● Brief: What you return should be the entries, unchanged, without their pictures.

Stored data entries:

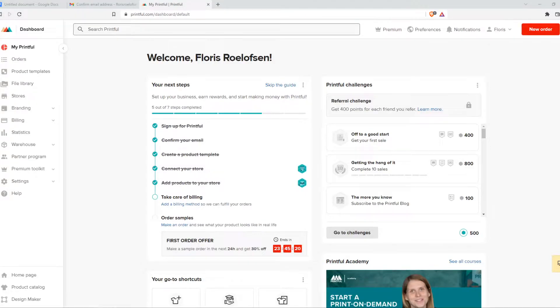In this video, I'm going to show you step by step how you can change the pricing on products from your Printful account. If you have a Printful account set up with your Wix website, WordPress website, Shopify — it doesn't really matter.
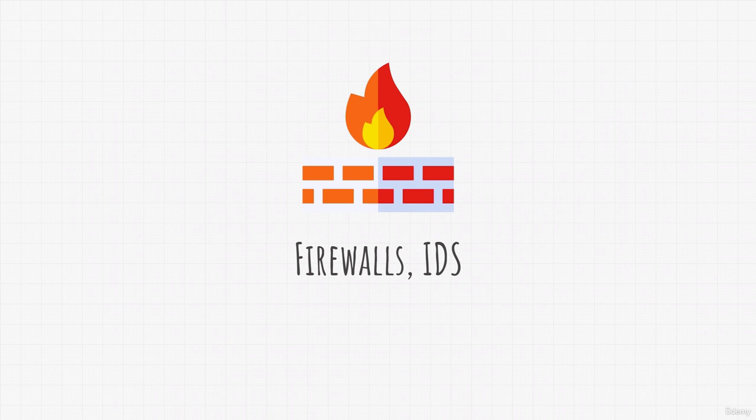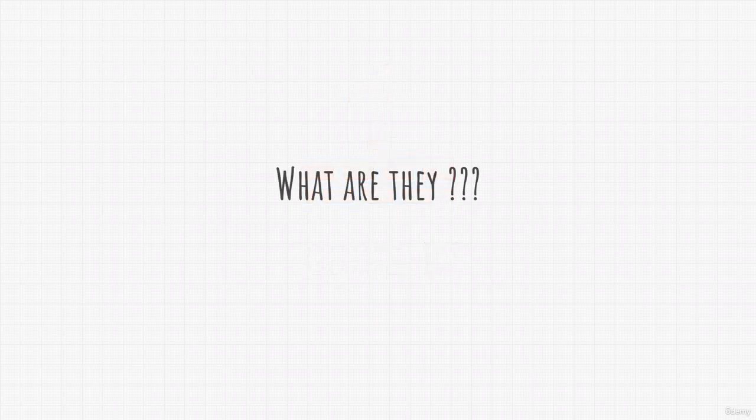But wait Alexa, I don't even know what firewall or IDS is. So what are they?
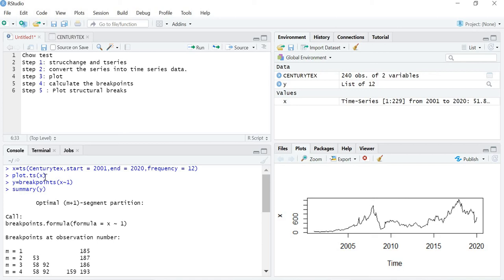You have to use the command plot.ts to plot the graph, as we learned in the previous video. The fourth step is to calculate the breakpoints. We store the result in variable Y using the command: breakpoints(X ~ Y). After that, run summary(Y). Please refer to the previous video to learn how this breakpoint calculation works.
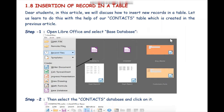Welcome dear students to video number four of the TechnoFund KVS YouTube channel for database concepts of class eight. In this particular video we will learn how we can insert various records in a table in LibreOffice Base.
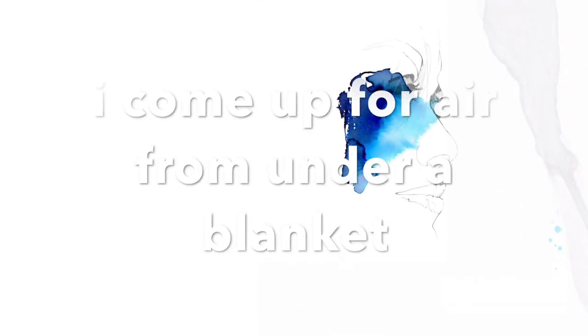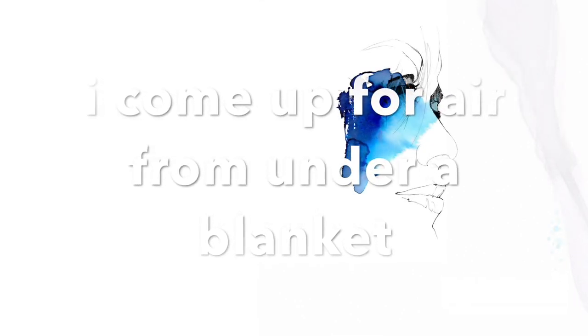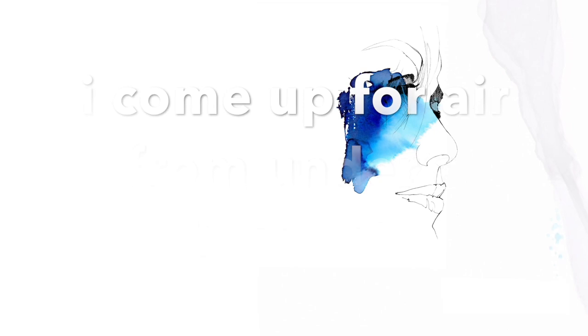I come up for air from under a blanket. Where are you?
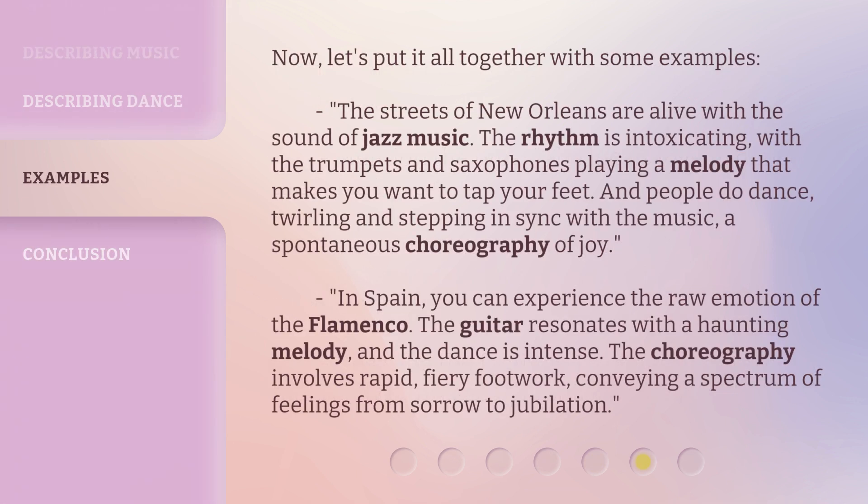Now, let's put it all together with some examples. The streets of New Orleans are alive with the sound of jazz music. The rhythm is intoxicating, with the trumpets and saxophones playing a melody that makes you want to tap your feet. And people do dance, twirling and stepping in sync with the music — a spontaneous choreography of joy.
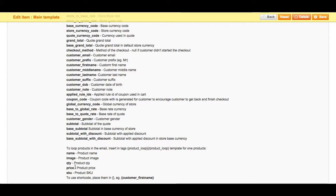For example, the name, an image, the quantity, price, etc. A final note is that if you're going to use these short codes, you need to make sure to put them within brackets. There's an example here showing the short code within the brackets for customer first name.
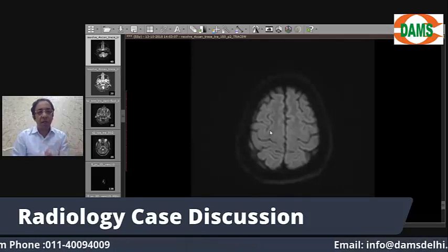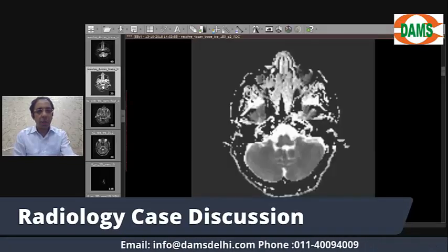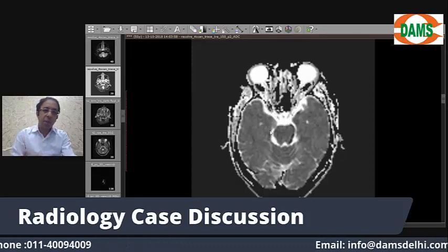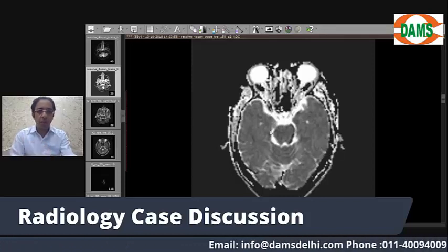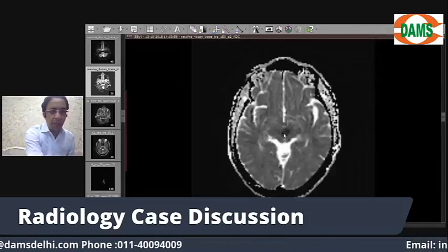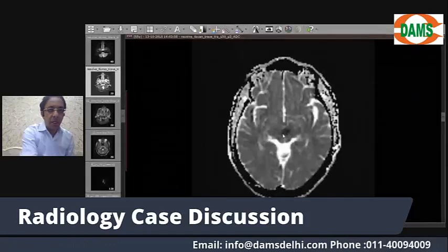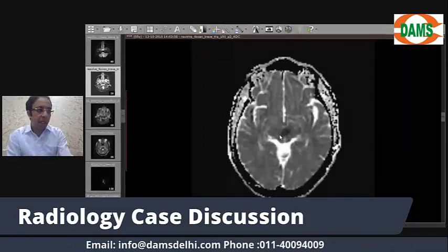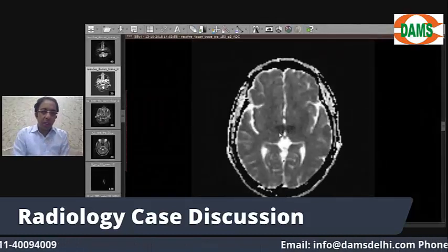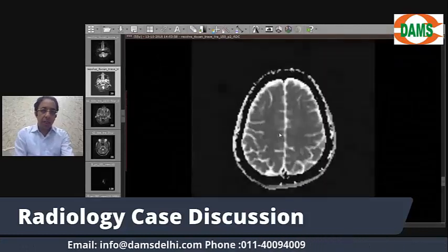We would also like to confirm the infarction by looking at the ADC map — ADC stands for apparent diffusion coefficient. An acute infarct should appear dark on the ADC image. Tracing the same area where we saw the hyperintense signal on DWI, we can see hypointense signal in the ADC map in the rostral midbrain and bilateral paramedian thalamic areas, confirming we are dealing with acute infarction in this territory.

● Exercise result:
In this video, I'm going to show you step by step how you can change the pricing on products from your Printful account. If you have a Printful account set up with your Wix website, WordPress website, Shopify — it doesn't really matter.
But wait Alexa, I don't even know what firewall or IDS is. So what are they?
You have to use the command plot.ts to plot the graph, as we learned in the previous video. The fourth step is to calculate the breakpoints. We store the result in variable Y using the command: breakpoints(X ~ Y). After that, run summary(Y). Please refer to the previous video to learn how this breakpoint calculation works.
Welcome dear students to video number four of the TechnoFund KVS YouTube channel for database concepts of class eight. In this particular video we will learn how we can insert various records in a table in LibreOffice Base.
I come up for air from under a blanket. Where are you?
Now, let's put it all together with some examples. The streets of New Orleans are alive with the sound of jazz music. The rhythm is intoxicating, with the trumpets and saxophones playing a melody that makes you want to tap your feet. And people do dance, twirling and stepping in sync with the music — a spontaneous choreography of joy.
For example, the name, an image, the quantity, price, etc. A final note is that if you're going to use these short codes, you need to make sure to put them within brackets. There's an example here showing the short code within the brackets for customer first name.
We would also like to confirm the infarction by looking at the ADC map — ADC stands for apparent diffusion coefficient. An acute infarct should appear dark on the ADC image. Tracing the same area where we saw the hyperintense signal on DWI, we can see hypointense signal in the ADC map in the rostral midbrain and bilateral paramedian thalamic areas, confirming we are dealing with acute infarction in this territory.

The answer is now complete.